Records excerpted from a collection:
=== Section Start ===
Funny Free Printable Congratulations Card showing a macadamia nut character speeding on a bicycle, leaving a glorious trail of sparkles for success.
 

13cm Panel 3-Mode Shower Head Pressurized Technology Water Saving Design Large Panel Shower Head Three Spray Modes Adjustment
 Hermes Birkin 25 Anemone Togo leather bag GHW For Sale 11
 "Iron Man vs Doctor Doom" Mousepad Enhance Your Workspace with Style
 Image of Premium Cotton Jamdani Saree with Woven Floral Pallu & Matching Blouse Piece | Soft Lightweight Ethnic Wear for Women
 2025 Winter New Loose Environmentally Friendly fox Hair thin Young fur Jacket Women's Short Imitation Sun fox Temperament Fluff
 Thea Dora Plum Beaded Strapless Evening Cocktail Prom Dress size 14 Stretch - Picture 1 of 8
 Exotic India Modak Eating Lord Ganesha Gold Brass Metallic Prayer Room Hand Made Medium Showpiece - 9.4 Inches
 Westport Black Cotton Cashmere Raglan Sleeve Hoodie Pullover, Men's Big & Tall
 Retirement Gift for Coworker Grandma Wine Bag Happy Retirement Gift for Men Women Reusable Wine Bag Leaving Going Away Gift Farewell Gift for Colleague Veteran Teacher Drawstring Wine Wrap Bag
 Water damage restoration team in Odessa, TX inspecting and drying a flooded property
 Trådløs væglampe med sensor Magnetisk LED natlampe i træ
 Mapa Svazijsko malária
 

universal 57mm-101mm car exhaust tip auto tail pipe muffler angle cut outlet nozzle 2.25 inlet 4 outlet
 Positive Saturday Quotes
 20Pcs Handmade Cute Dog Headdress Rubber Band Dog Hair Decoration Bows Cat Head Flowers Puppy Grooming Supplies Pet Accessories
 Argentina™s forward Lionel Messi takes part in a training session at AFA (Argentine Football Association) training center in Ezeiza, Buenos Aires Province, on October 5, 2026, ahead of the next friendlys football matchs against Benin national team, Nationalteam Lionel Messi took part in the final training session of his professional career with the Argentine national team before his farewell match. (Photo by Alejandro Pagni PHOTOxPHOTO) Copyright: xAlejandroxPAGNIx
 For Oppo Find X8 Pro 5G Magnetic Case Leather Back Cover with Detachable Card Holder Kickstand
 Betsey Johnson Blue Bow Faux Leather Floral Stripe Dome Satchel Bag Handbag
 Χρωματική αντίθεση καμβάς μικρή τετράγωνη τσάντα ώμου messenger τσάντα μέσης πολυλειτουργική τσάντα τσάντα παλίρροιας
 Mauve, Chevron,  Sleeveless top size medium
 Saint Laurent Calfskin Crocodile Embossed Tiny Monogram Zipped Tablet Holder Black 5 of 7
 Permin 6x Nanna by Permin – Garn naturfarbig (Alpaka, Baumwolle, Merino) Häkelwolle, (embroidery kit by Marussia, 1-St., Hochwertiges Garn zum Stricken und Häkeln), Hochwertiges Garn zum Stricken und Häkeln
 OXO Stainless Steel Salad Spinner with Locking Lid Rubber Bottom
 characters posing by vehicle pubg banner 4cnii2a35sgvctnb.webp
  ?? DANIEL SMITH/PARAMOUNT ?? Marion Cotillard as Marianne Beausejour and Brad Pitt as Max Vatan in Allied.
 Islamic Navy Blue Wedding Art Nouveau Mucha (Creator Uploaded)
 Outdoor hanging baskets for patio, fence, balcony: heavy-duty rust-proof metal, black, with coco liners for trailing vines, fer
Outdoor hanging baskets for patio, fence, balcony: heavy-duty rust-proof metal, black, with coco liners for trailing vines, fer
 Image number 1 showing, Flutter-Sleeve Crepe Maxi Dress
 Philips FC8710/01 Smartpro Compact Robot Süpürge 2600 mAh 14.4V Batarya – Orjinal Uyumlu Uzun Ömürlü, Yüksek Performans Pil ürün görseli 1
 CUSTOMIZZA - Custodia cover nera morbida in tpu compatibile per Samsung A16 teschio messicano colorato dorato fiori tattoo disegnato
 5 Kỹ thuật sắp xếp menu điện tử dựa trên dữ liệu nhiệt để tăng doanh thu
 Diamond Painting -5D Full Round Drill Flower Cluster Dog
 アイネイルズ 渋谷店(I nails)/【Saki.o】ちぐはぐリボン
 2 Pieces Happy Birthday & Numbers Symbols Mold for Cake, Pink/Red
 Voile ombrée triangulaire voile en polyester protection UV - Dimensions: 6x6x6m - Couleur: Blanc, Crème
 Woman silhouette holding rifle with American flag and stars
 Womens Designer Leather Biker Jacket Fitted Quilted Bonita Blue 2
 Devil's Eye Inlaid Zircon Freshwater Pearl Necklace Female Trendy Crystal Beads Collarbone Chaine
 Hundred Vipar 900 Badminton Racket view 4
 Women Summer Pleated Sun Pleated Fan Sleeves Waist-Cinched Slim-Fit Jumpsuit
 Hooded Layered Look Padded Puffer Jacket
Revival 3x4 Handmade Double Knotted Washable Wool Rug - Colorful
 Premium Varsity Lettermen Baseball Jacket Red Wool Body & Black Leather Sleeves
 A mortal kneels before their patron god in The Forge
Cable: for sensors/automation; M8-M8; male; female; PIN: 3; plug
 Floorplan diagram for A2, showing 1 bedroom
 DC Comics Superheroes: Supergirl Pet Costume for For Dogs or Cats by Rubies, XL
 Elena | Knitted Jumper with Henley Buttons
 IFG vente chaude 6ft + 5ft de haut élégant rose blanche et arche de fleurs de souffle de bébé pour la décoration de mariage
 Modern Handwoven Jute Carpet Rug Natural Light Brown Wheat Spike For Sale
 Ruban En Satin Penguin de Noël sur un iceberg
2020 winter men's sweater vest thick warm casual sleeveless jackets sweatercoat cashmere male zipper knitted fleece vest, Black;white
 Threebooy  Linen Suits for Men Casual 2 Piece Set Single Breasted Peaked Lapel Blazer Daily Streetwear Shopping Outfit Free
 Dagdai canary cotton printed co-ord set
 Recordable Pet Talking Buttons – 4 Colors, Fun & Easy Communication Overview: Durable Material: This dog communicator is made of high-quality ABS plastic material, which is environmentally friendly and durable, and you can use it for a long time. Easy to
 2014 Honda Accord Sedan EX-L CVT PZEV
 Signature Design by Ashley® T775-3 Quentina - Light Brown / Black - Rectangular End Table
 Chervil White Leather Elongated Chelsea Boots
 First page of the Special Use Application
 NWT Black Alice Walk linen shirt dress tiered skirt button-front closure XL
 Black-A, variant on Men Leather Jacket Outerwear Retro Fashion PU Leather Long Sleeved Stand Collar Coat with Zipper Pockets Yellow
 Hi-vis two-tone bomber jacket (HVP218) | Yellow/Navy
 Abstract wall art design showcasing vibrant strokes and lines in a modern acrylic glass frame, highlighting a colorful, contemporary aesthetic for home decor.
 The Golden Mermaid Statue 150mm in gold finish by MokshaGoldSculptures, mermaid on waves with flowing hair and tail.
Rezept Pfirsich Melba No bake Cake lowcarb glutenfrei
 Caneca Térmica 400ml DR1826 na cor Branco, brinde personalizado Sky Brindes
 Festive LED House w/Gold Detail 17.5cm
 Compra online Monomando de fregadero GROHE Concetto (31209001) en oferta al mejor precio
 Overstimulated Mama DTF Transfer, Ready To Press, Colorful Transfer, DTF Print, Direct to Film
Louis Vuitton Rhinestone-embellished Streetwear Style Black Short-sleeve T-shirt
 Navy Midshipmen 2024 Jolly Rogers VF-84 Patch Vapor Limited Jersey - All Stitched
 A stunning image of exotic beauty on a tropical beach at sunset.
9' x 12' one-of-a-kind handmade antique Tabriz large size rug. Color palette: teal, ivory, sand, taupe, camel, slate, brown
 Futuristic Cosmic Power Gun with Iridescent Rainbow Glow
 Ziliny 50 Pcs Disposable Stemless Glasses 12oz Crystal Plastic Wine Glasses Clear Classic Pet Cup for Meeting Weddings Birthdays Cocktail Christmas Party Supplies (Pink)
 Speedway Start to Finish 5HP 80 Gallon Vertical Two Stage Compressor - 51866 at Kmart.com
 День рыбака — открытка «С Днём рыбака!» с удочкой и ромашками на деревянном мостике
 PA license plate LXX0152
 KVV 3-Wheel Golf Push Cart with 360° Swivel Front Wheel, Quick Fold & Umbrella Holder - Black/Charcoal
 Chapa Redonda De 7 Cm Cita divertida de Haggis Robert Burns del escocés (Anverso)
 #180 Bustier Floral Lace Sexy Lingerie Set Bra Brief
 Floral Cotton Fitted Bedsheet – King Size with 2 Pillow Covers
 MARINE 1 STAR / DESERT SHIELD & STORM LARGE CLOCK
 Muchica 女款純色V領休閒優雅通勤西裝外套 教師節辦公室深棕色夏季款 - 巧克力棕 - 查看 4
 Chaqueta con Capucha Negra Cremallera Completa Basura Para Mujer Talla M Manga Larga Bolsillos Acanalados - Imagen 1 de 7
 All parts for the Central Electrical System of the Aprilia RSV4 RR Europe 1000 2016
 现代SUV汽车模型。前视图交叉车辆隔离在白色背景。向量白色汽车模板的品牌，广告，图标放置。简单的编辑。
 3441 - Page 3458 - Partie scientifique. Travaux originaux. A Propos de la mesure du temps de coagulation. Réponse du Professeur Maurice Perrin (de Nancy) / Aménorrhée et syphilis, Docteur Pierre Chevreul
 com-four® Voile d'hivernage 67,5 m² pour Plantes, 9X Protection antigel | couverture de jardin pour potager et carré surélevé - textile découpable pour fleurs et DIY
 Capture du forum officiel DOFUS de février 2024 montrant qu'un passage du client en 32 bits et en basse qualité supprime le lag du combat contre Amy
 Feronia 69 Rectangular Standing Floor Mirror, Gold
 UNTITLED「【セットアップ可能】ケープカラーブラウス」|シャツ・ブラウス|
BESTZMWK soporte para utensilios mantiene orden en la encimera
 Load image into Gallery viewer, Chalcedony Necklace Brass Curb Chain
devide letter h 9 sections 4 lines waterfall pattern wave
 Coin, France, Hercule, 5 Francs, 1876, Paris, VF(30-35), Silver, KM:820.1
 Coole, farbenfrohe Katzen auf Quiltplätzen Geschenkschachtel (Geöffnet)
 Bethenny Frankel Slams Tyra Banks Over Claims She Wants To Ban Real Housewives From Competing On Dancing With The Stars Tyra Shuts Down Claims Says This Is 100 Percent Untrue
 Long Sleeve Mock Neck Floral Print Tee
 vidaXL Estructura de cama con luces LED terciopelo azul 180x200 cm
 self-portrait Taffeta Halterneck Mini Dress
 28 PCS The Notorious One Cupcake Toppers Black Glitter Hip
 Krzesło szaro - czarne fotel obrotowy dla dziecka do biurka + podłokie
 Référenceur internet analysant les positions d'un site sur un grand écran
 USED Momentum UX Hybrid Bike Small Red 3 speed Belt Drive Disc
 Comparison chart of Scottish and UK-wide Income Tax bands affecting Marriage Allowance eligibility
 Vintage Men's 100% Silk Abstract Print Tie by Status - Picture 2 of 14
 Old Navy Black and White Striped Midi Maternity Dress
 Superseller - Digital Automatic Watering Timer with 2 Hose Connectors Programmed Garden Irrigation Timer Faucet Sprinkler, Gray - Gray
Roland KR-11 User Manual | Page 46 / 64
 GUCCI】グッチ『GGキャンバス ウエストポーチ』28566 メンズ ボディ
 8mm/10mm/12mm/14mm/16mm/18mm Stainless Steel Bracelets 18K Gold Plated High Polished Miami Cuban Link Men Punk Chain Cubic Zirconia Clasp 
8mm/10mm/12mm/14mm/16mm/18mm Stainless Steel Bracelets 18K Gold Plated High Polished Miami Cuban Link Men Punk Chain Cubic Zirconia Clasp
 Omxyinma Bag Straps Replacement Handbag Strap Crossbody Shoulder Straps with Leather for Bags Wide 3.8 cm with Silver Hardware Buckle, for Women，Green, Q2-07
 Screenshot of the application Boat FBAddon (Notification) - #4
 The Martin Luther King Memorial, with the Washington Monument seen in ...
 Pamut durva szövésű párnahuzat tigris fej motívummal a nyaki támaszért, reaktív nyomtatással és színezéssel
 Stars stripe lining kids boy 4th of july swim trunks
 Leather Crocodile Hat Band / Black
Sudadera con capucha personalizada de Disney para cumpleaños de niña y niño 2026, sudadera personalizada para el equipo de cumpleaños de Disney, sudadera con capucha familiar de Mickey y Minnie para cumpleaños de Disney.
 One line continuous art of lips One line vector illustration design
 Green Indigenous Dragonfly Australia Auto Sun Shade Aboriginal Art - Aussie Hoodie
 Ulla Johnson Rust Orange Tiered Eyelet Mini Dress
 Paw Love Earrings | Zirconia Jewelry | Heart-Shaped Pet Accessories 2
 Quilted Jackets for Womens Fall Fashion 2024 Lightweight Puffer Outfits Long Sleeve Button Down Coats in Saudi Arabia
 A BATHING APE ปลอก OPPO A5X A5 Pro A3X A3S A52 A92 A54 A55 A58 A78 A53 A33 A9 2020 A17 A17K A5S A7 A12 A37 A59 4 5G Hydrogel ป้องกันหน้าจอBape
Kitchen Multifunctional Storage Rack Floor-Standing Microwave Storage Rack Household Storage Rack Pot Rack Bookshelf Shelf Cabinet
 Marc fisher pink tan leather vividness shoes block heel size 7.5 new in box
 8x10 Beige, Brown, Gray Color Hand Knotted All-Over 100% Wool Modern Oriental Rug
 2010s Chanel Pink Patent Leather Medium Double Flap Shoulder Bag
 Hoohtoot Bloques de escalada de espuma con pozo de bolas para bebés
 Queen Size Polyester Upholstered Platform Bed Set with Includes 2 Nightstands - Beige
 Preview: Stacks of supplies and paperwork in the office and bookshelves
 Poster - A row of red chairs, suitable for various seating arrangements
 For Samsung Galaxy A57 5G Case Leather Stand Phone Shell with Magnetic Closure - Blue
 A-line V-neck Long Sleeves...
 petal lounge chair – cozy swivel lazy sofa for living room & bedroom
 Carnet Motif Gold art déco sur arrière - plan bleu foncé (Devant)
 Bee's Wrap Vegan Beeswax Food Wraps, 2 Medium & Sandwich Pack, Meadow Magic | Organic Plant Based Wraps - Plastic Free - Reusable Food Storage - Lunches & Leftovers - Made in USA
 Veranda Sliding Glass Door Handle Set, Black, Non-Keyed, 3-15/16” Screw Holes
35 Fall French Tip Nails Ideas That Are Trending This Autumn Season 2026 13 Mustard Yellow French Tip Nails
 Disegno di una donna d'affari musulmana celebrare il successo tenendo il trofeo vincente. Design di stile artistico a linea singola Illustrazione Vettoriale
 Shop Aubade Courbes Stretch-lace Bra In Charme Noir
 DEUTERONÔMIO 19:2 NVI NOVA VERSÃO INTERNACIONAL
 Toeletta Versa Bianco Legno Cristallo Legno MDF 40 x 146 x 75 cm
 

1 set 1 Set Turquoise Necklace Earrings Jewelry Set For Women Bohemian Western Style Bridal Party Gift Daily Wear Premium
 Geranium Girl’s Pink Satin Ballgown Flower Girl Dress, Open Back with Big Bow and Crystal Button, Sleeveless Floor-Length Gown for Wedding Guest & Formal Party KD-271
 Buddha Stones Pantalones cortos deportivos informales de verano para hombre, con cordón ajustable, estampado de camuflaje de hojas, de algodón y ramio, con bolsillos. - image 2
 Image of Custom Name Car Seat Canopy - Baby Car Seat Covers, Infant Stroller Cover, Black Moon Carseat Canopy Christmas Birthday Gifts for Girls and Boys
=== Section End ===
INSTRUCTIONS TO FOLLOW
From the entries above, print the lines beginning at the one with "KVV 3-Wheel Golf" and stopping after the one with "All parts for", exactly as written and with nothing else.

SOLUTION FOR THIS TASK
 KVV 3-Wheel Golf Push Cart with 360° Swivel Front Wheel, Quick Fold & Umbrella Holder - Black/Charcoal
 Chapa Redonda De 7 Cm Cita divertida de Haggis Robert Burns del escocés (Anverso)
 #180 Bustier Floral Lace Sexy Lingerie Set Bra Brief
 Floral Cotton Fitted Bedsheet – King Size with 2 Pillow Covers
 MARINE 1 STAR / DESERT SHIELD & STORM LARGE CLOCK
 Muchica 女款純色V領休閒優雅通勤西裝外套 教師節辦公室深棕色夏季款 - 巧克力棕 - 查看 4
 Chaqueta con Capucha Negra Cremallera Completa Basura Para Mujer Talla M Manga Larga Bolsillos Acanalados - Imagen 1 de 7
 All parts for the Central Electrical System of the Aprilia RSV4 RR Europe 1000 2016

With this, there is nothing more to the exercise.